In the short-attention theater that is Silicon Valley, it seems so long ago that I landed a job at the Mercury News in 1999 to cover telecommunications. After proposing to my wife in front of the copy machine in the Durham, NC bureau of The News & Observer newsroom (true story!), I dragged her out to San Francisco for a one-year trial period.
Fifteen years, two kids, and one mortgage later, I find myself feeling lucky to have spent so much time in such an extraordinary place. There are a few images and stories, though, in particular that stick out.
There was, of course, the dot-com boom and bust, with its ice luges and crazy parties and senseless startups. Only a year after I landed, the Nasdaq tanked and lines of 20-somethings stood outside U-Haul rental offices trying to get a truck to take their stuff back to their parents’ house in Kansas.
In the middle of that chaos, there was the Y2K “bug.” The Merc, rolling around naked in the piles of cash from dot-com ads, flew me to Wellington, New Zealand just a couple of days before the new Millenium to witness the start of the global apocalypse. On New Year’s Eve, I stood in the parliament building that had been converted into a war room, next to the prime minister, as the clock struck midnight and exactly nothing happened. Not a street light flickered. Nothing. I filed a grand total of five paragraphs from New Zealand and then went bungee jumping (true story!).
I spent a couple of years covering the California energy crisis. More than once, I sat in a conference room being lectured by Texas energy execs on how the root of the state’s problems were a bunch of hippie-socialist-tree hugging activists in California who didn’t understand free markets. Nope!
For the pure bizarro factor, though, it’s hard to beat spending an afternoon in one of those San Francisco apartment high rises that towers over the Bay Bridge talking with a leading Singularity figure about the coming robot uprising. In dead serious tones, he mapped out how he believed robots would take over the world within the next two decades. His only goal in life, he explained, was to teach the robots empathy so that when they took over, they would be kind to us future human pets and servants. Heavy stuff, my friend.
Of course, in many ways, it feels like I’m leaving at a moment when things have come full circle. Tech is booming. Activists are marching in the streets to protest evictions. Everyone is talking about a bubble. When things start to feel like déjà vu all over again, it may be as good a time as any to step off the carousel.
But while I’m excited about the unknown ahead, I can’t say I’m any less fascinated by this region that I leave behind than when I arrived.

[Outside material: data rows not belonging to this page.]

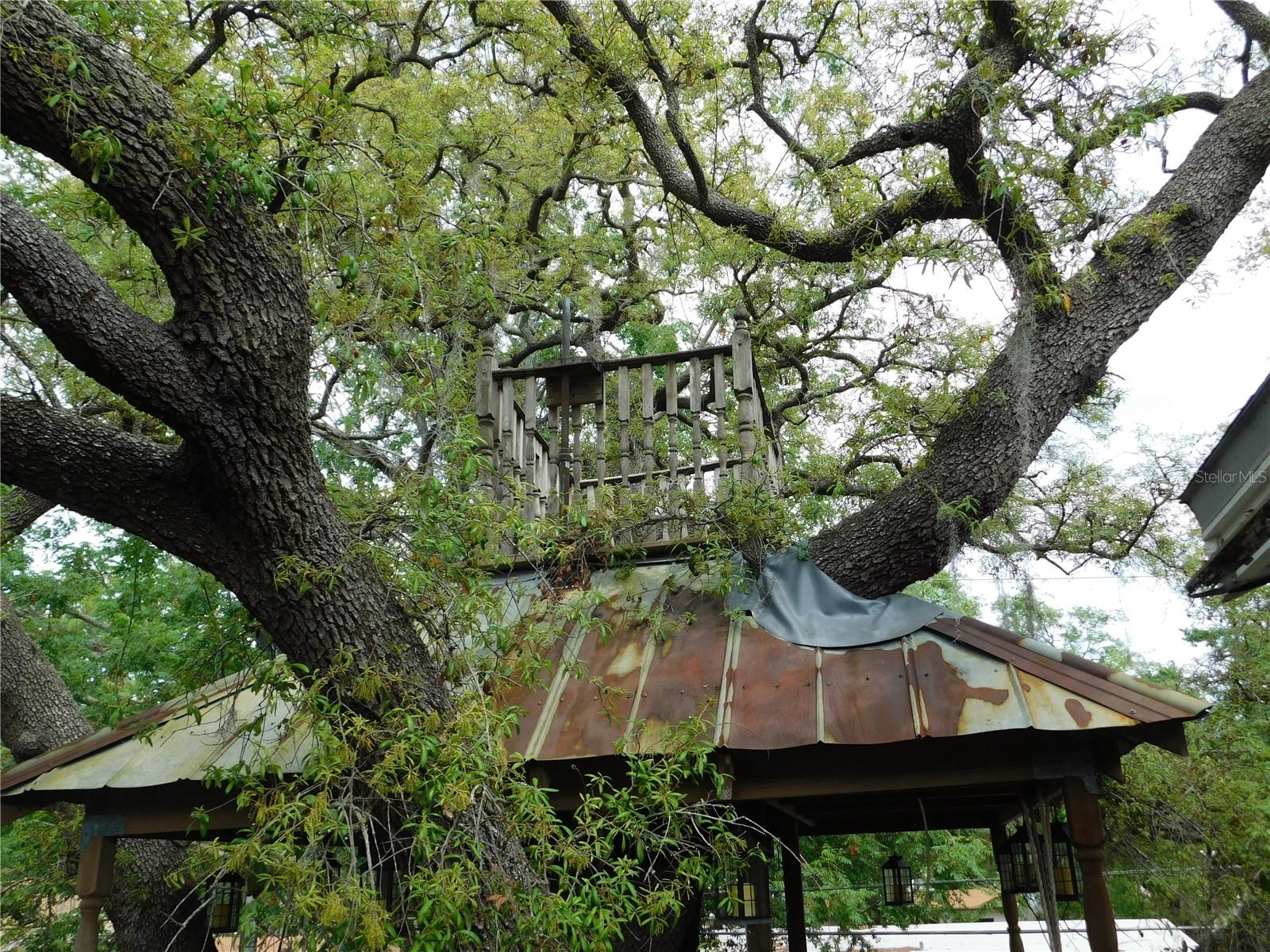 Image 39 of 62 For 155 Marshall Street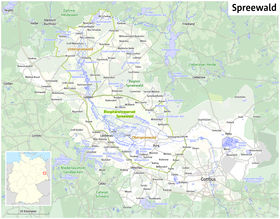 Image illustrative de l’article Forêt de la Sprée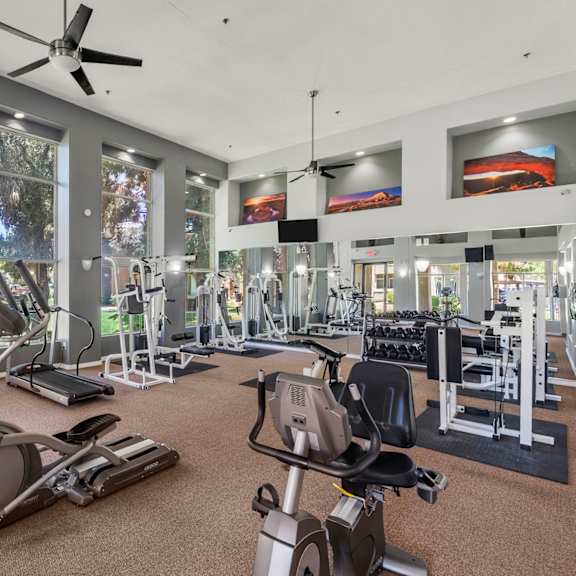 A gym with treadmills, elliptical machines, and other exercise equipment.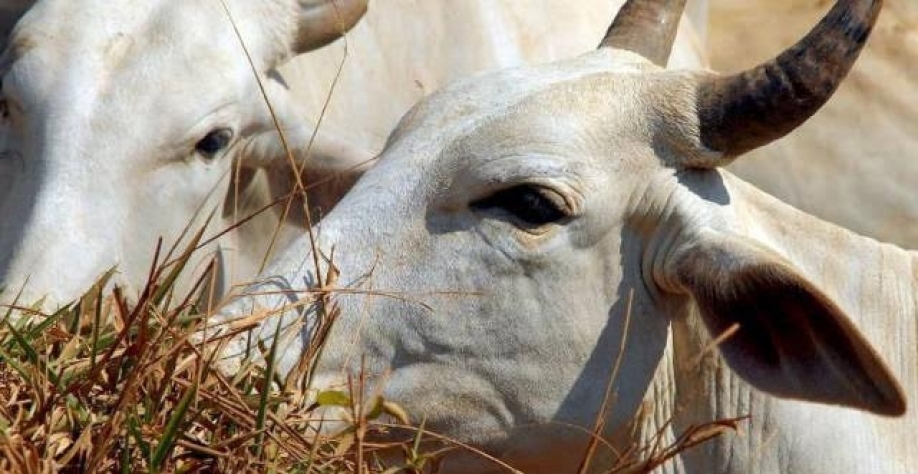 Indonésia importa gado e carne para atender o abastecimento doméstico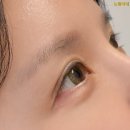 대구 가성비속눈썹 제인라인코리아 속눈썹펌 후기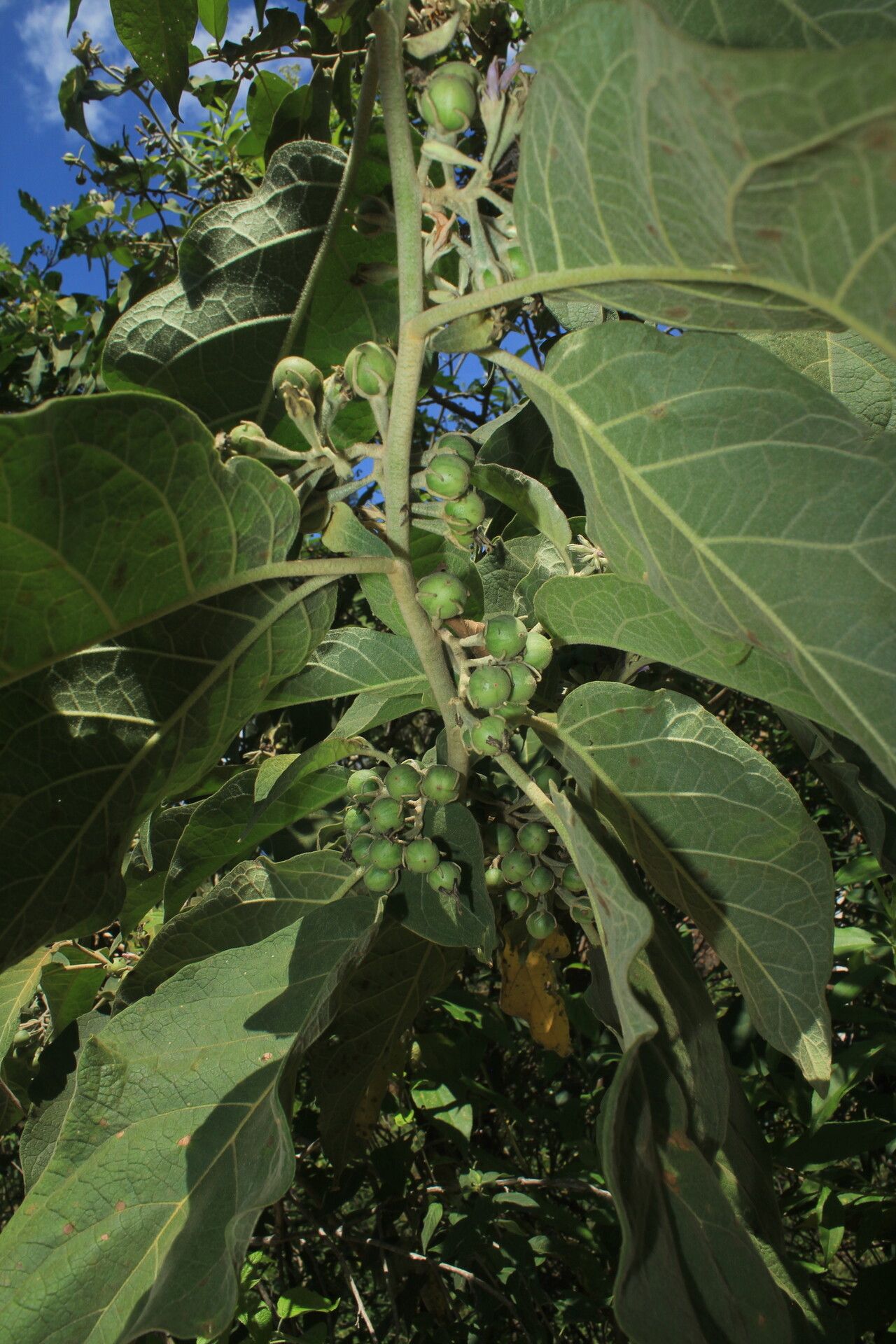 Solanum dolichosepalum fruit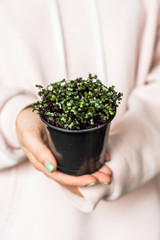 Grow sprouts of micro greens for a healthy salad. Eat right, stick to the concept of a young and modern kitchen. Ecofrendli and superfood. Raw food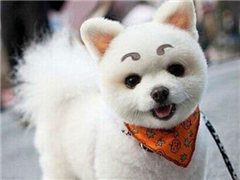 ������COSѽ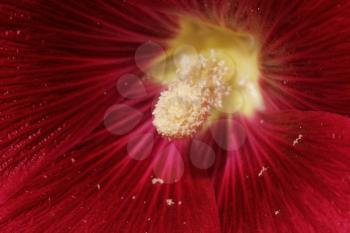 pollen in a red flower. macro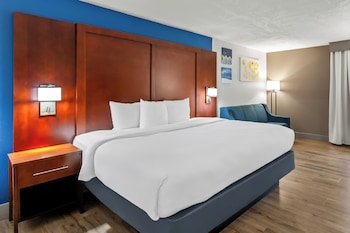 Standard Room, 1 King Bed, Non Smoking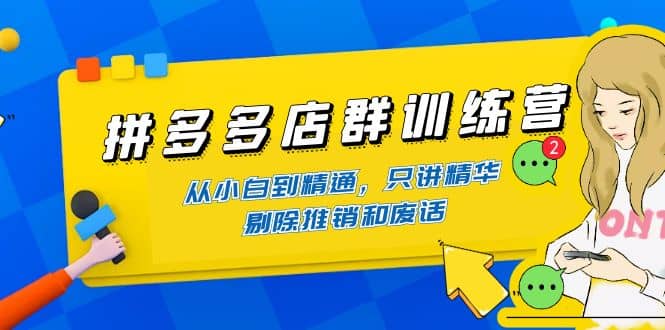 拼多多店群训练营：从小白到精通，只讲精华，剔除推销和废话-小白项目网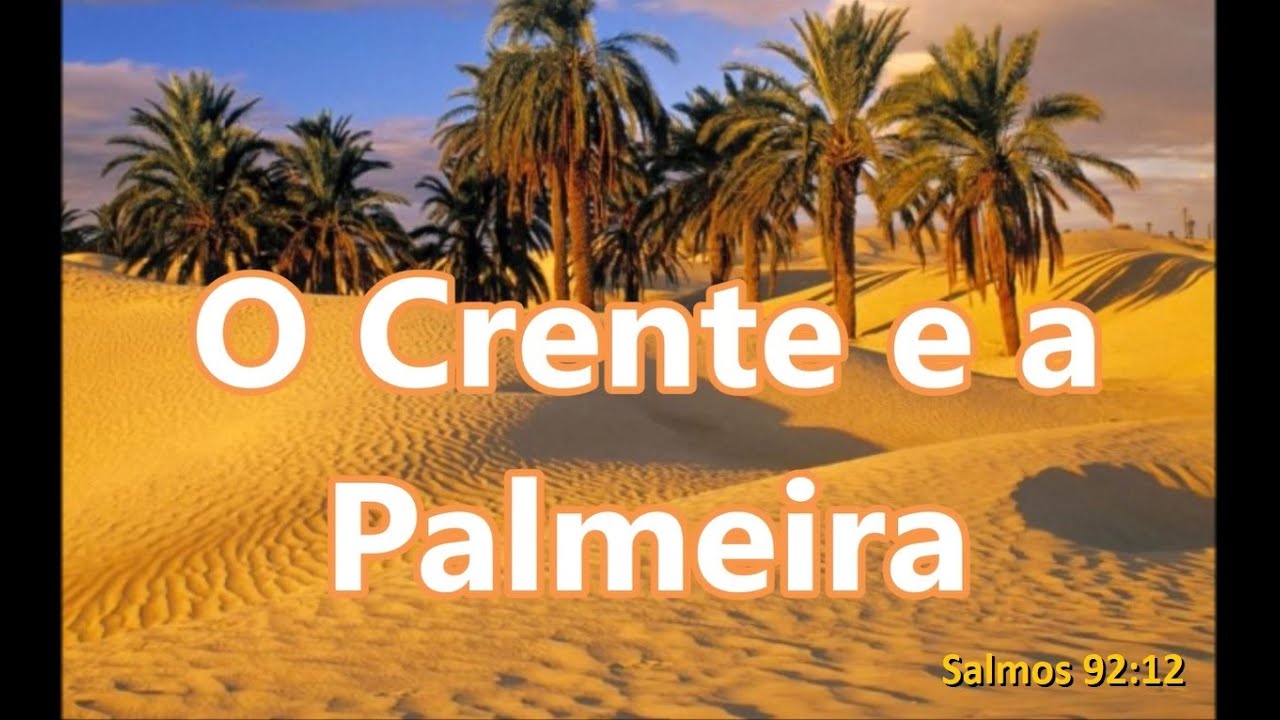 Crente E A Palmeira Letra - RETOEDU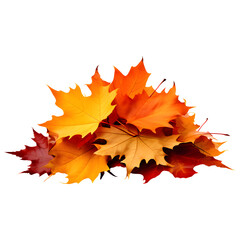 Autumn Leaves Pile Isolated on Transparent Background

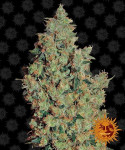 Barney's Farm - Tangerine Dream Féminisée
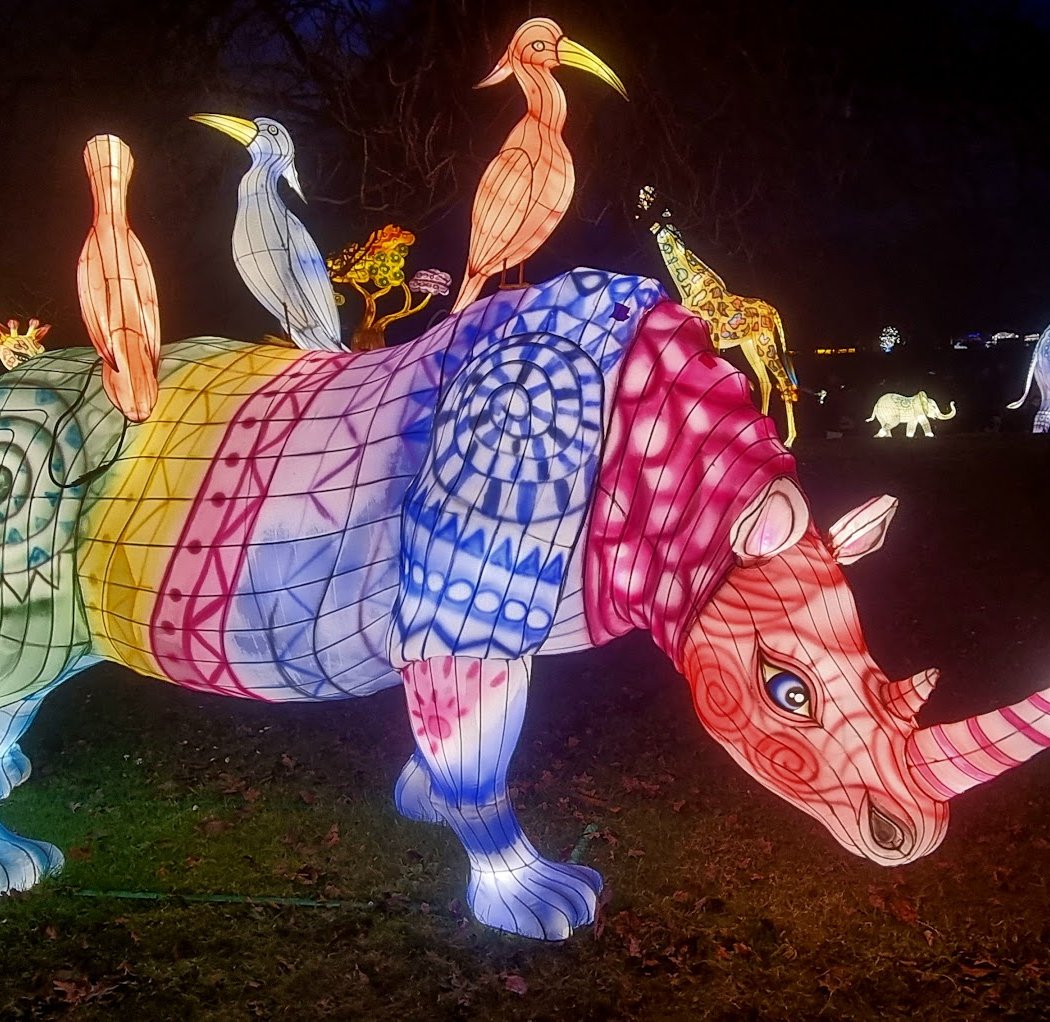 Parc floral - L'Odyssée Lumineuse 2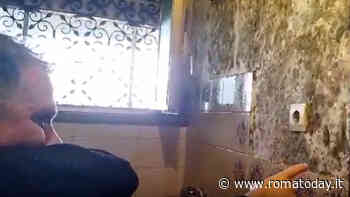 Muffa sulle pareti e aria irrespirabile. La vita in una casa Ater di Mafalda, malata oncologica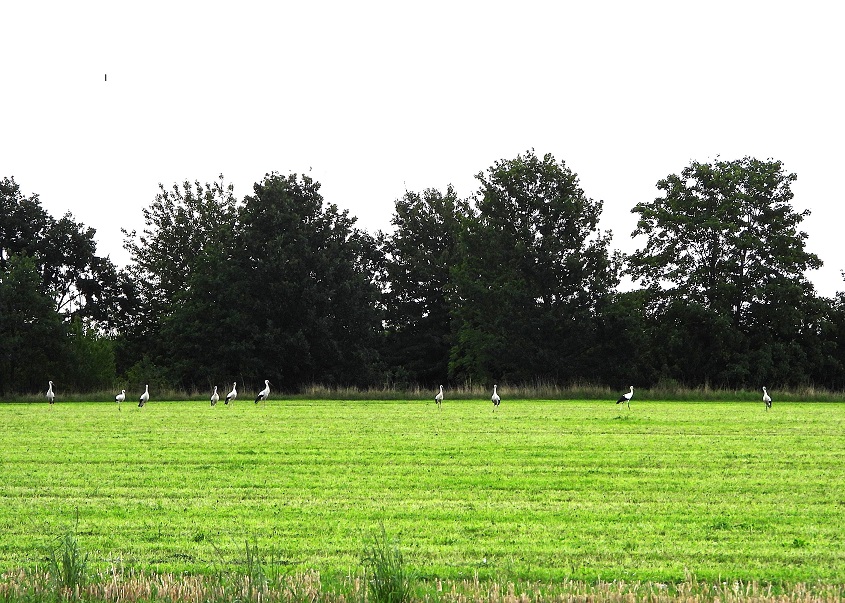 bei Elbisbach 8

Yes, there is plenty about Silicon Valley that is rightly deserving of parody and criticism. It’s not the meritocracy it imagines itself to be. The digital utopianism borders on the delusional. The lack of women, Latinos, and African-Americans in tech is an embarrassment.
And there is no denying the current hiring boom of tech workers is fueling a growing social inequality that simply can not be sustained over the long run. Don’t kid yourself: This is not some boom that will deflate like it did in 2000. Big companies are stuffing thousands of workers into gigantic campuses with no end in sight for reasons that have nothing to do with their stock prices. At some point, those people will be buying homes in Antioch, where it won’t make sense for them to spend five hours on a charter bus every day to get to and from Mountain View. This region simply doesn’t have the infrastructure to sustain this furious growth. But no one likely has the courage to say, “No more!” So I expect it will continue, driving housing costs into the stratosphere and turning more and more local towns into traffic-clogged parking lots.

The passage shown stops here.